About this exercise
Print out the data below in full and exactly, skipping the pictures.

Input for this task
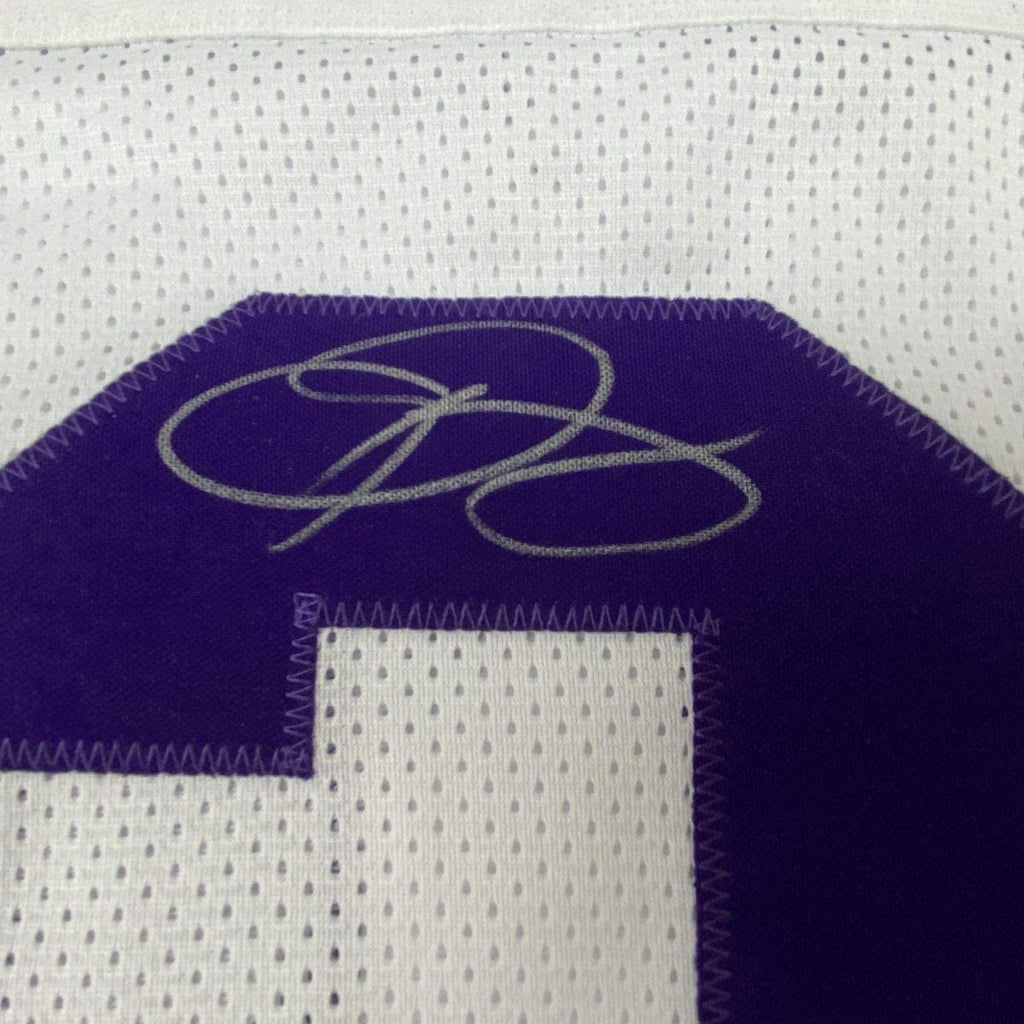 Framed Autographed/Signed Odell Beckham Jr. 35x39 LSU White College Football Jersey JSA COA
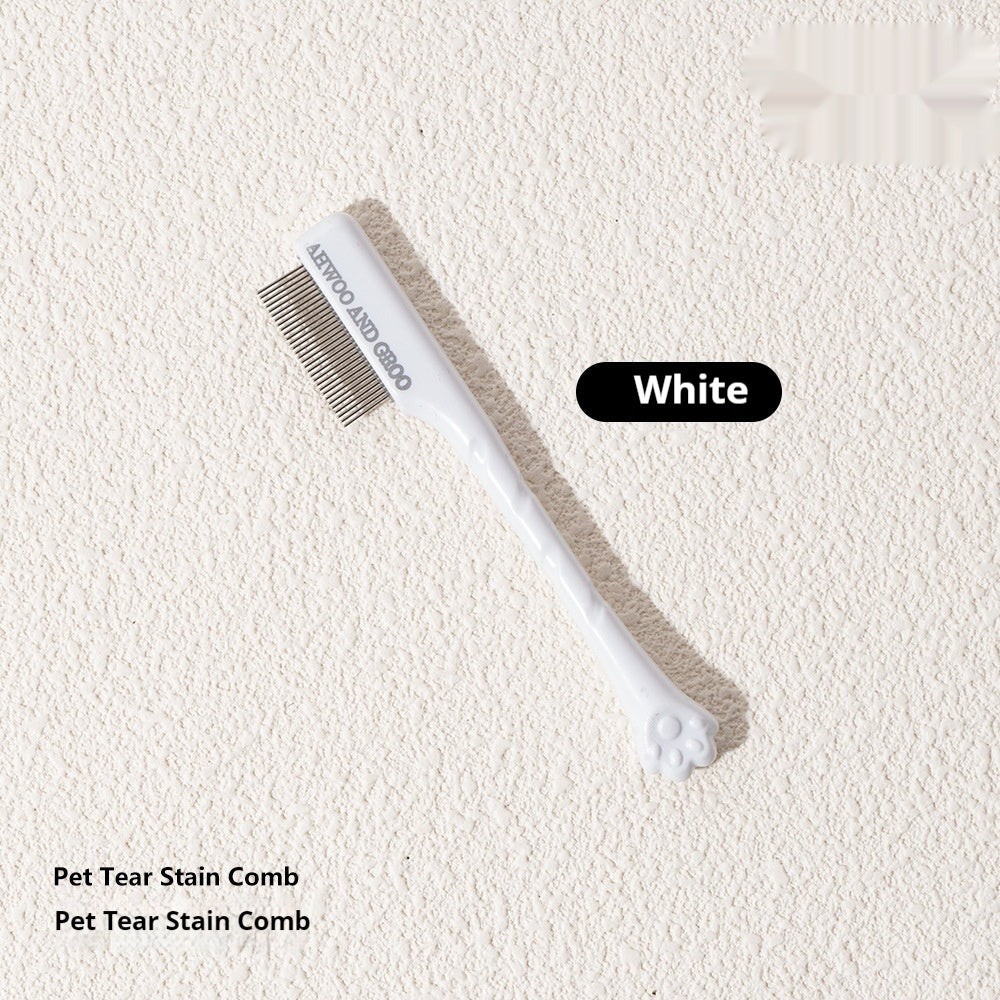 Comb Tear Stains Paint Pet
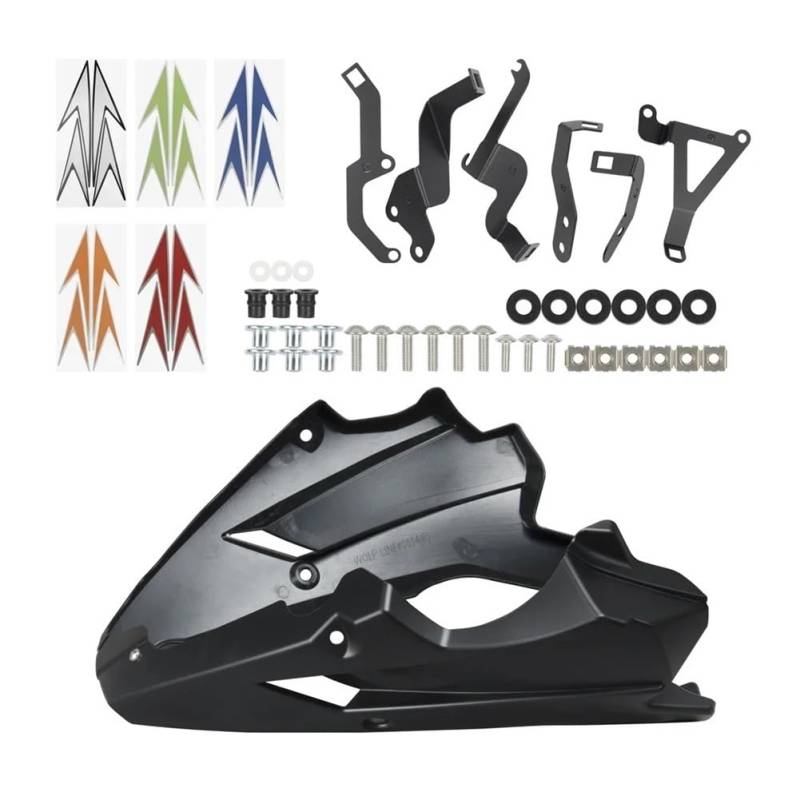 TBUOIUE Flügel Spoiler Für K&awasaki Für Z900 2017-2024 2023 Bauch Pan Motor Spoiler Untere Verkleidung Gugel Abdeckung Körper Rahmen Seite Panel Motorrad Zubehör von TBUOIUE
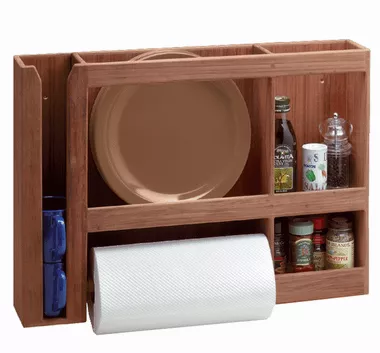 Whitecap Solid Teak Dish/Cup/Spice/Paper Towel Rack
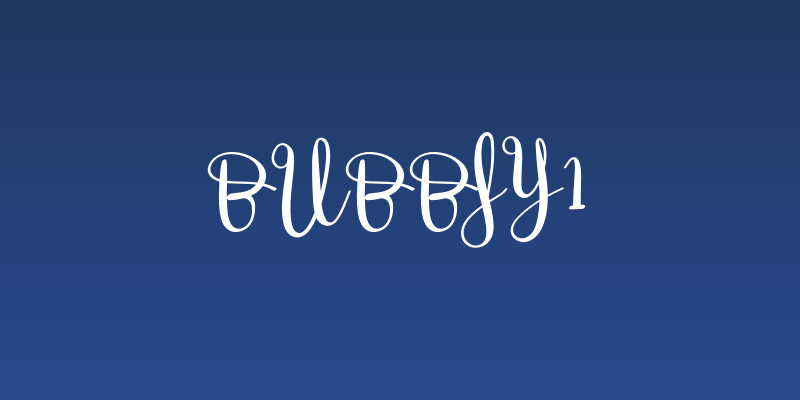 Bubbly1 Social Header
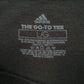 Mens Black Adidas Spellout  T Shirt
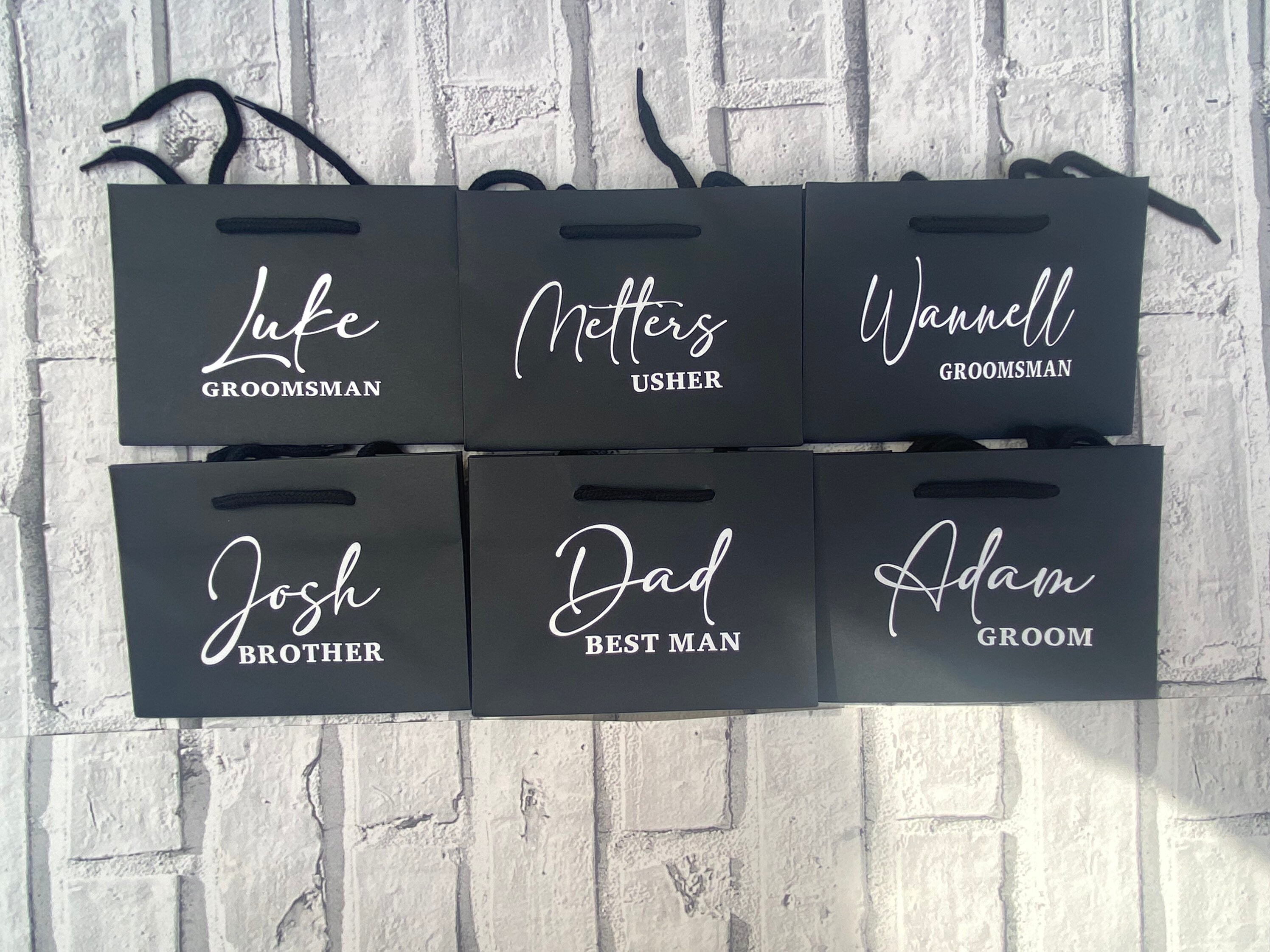 Personalised Gift Bag Groom Party Bags - Usher Best Man Father Of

Final answer
 Framed Autographed/Signed Odell Beckham Jr. 35x39 LSU White College Football Jersey JSA COA
 Comb Tear Stains Paint Pet
 TBUOIUE Flügel Spoiler Für K&awasaki Für Z900 2017-2024 2023 Bauch Pan Motor Spoiler Untere Verkleidung Gugel Abdeckung Körper Rahmen Seite Panel Motorrad Zubehör von TBUOIUE
 Whitecap Solid Teak Dish/Cup/Spice/Paper Towel Rack
 Bubbly1 Social Header
 Mens Black Adidas Spellout  T Shirt
 Personalised Gift Bag Groom Party Bags - Usher Best Man Father Of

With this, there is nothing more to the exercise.